I realized one minor exception when I wanted to explore binaries with the lipo tool since all the 'Xcode command line tools' remained in x86_64 and there was a library mismatch. Reinstalling the Universal Binary version of the tools did the trick:

sudo rm -rf /Library/Developer/CommandLineTools/
sudo xcode-select --install

For now I'm staying with the whole userland below /usr/local/ being x86_64 so everything I run from there needs to be translated using Rosetta2 to arm64e once. I'm reluctant to start over with arm64e native homebrew for now since it is not quite ready for arm64e yet (some formulas will break). As such it's important to stay on the 'wrong' architecture when dealing with homebrew for the next weeks. To install for example a tool to examine/use transparent filesystem compression I can't call brew directly but have to use the arch command instead:

arch -x86_64 brew install afsctool

(defining alias brew="arch -x86_64 brew" might be a good idea in such a situation and an alternative when always working directly sitting in front of the machine is to tick the 'open in Rosetta' checkbox of Terminal.app or iTerm.app in Finder since the architecture the app is running with will be inherited to every process executed from within)
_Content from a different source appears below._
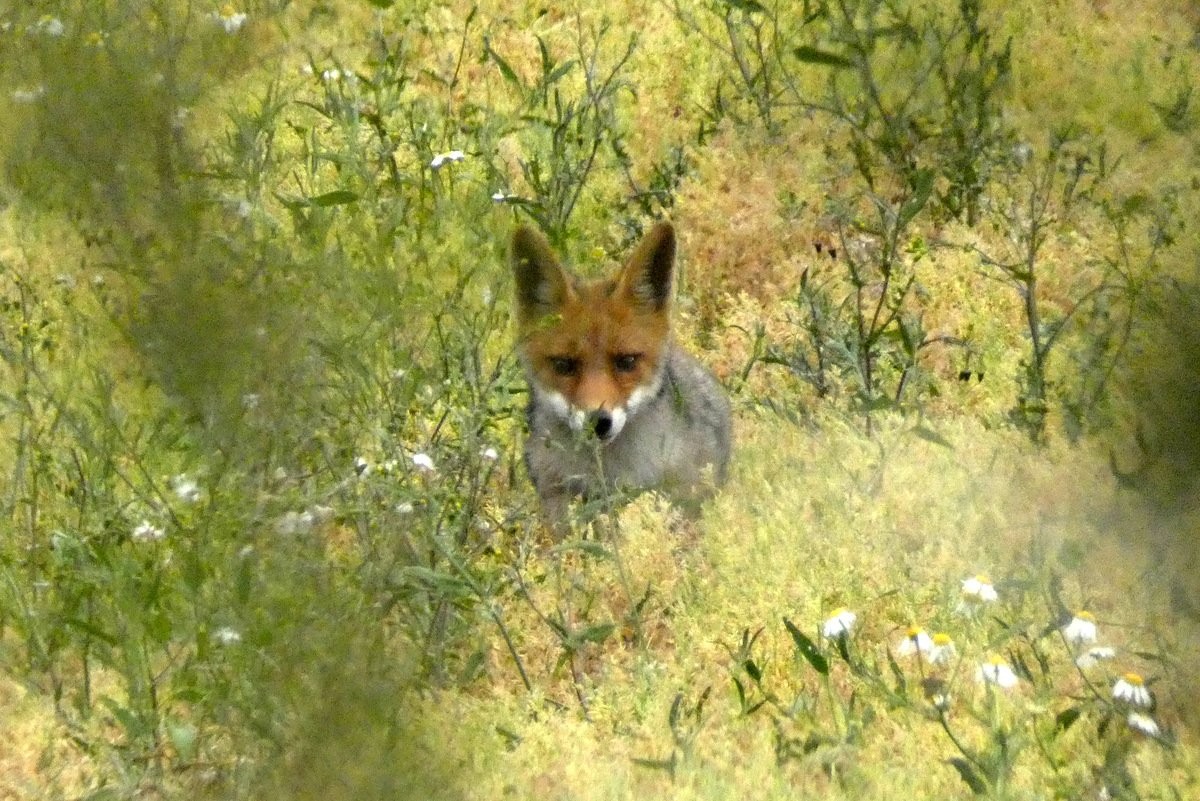 Jeune renard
Since Migration Assistant transferred everything including all settings also the hostnames were identical which is a bit disturbing given that I'm accessing the new MacBook often via SSH. To rename the new Mac from mac-tk to mac-tk-air I did the following:

sudo scutil --set ComputerName mac-tk-air
sudo scutil --set HostName mac-tk-air
sudo scutil --set LocalHostName mac-tk-air.local

First impressions

The "Apple Silicon" MacBook Air feels faster than my 16" Intel MacBook (Core i7-9750H, also 16 GB RAM), opening applications with lots of documents (~60 tabs in Safari, ~50 partially large text documents in BBEdit) is faster, sleep/wake is literally immediate but sound output is not that great as on the larger Intel MacBook ;)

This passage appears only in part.